Sanding on these might take a couple of minutes, maybe. Often I can start with 180 grit and sand by hand, but sometimes, depending on the wood species, I'll zip in there with a 1" disc.

Sometimes I drop them in a pot of wood dye, just for fun, then they're oil finished.


----------



## Maylar (Sep 3, 2013)

I use Vince's pads and discs too. My sander of choice is a variable speed angle drill from Harbor Freight. Or else, assorted pads and hand sanding.


----------



## prestonbill (Oct 27, 2010)

I also use Vince's pads and mandrels. I found at Harbor Freight this http://www.harborfreight.com/air-angle-sander-93629.html. It works really good if you have some sanding lines you just can't get out. Don't use it much but when I do it's the answer.


----------



## dartman (Oct 12, 2012)

I usually us sandpaper.Ok,I'm being a smart butt,but really,I use the usual grits of sandpaper.I also use different grades of scotch-brite pads to finish up.


----------



## Woodychips (Oct 3, 2015)

Here's my setup.
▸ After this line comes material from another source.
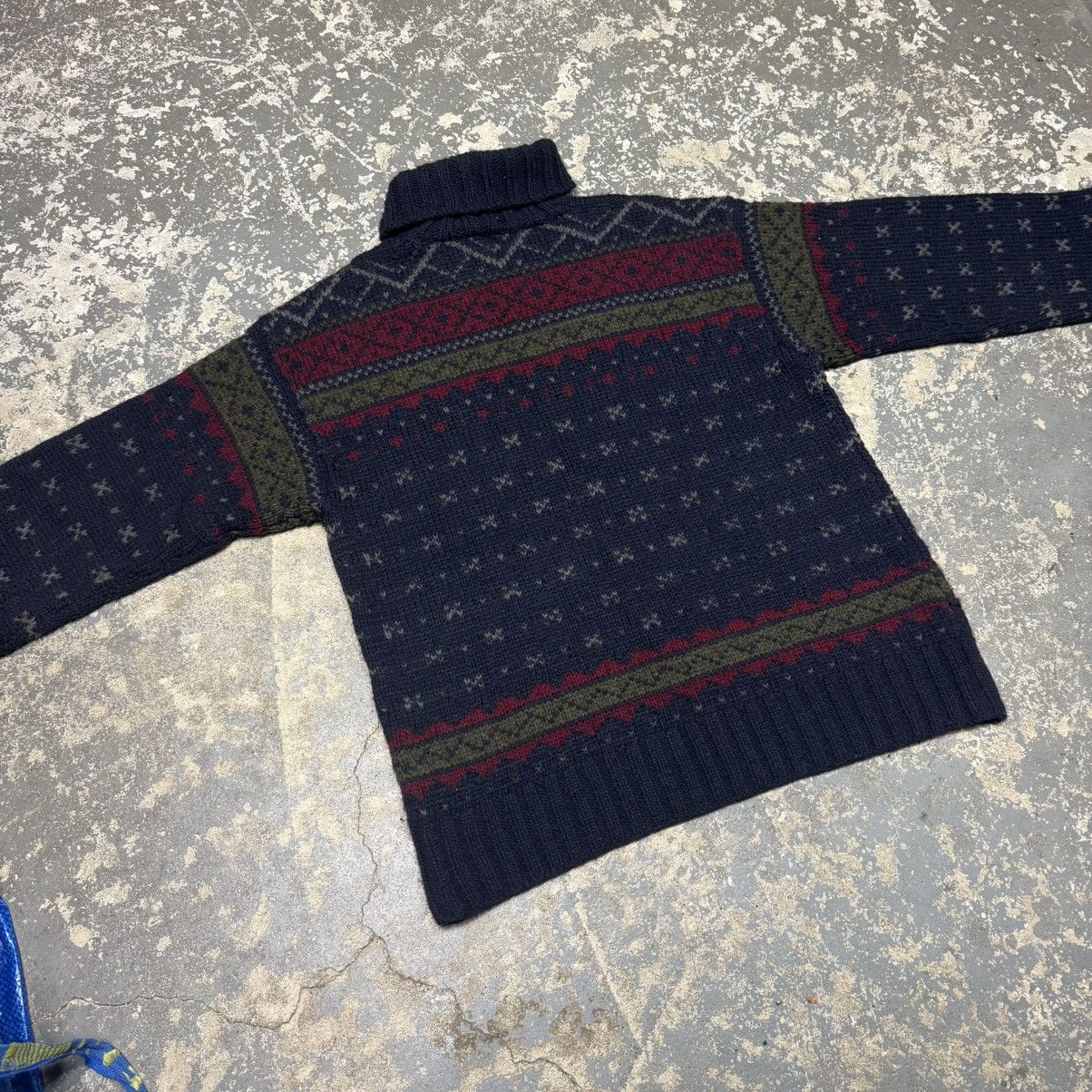 Vintage Vintage Polo Ralph Lauren Navy Blue Handknit Wool Sweater Size US L / EU 52-54 / 3 - 11 Thumbnail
Portable chargeable drill, a 2" Velcro pad with Norton Dry Ice sandpaper or a 3" Velcro pad for larger bowls with Sia Speed sandpaper


----------



## Barry Ward (Mar 22, 2008)

I use vinces round dics I tryied the new wave for a long time and they just wouldn't stay together,before I found out about Vinces,as for the tool I use a var spead angel drill that I got on sale at HF for about 29.00 and it works great,Richard Raffan doesn't recommend straight line drills as they can catch.


----------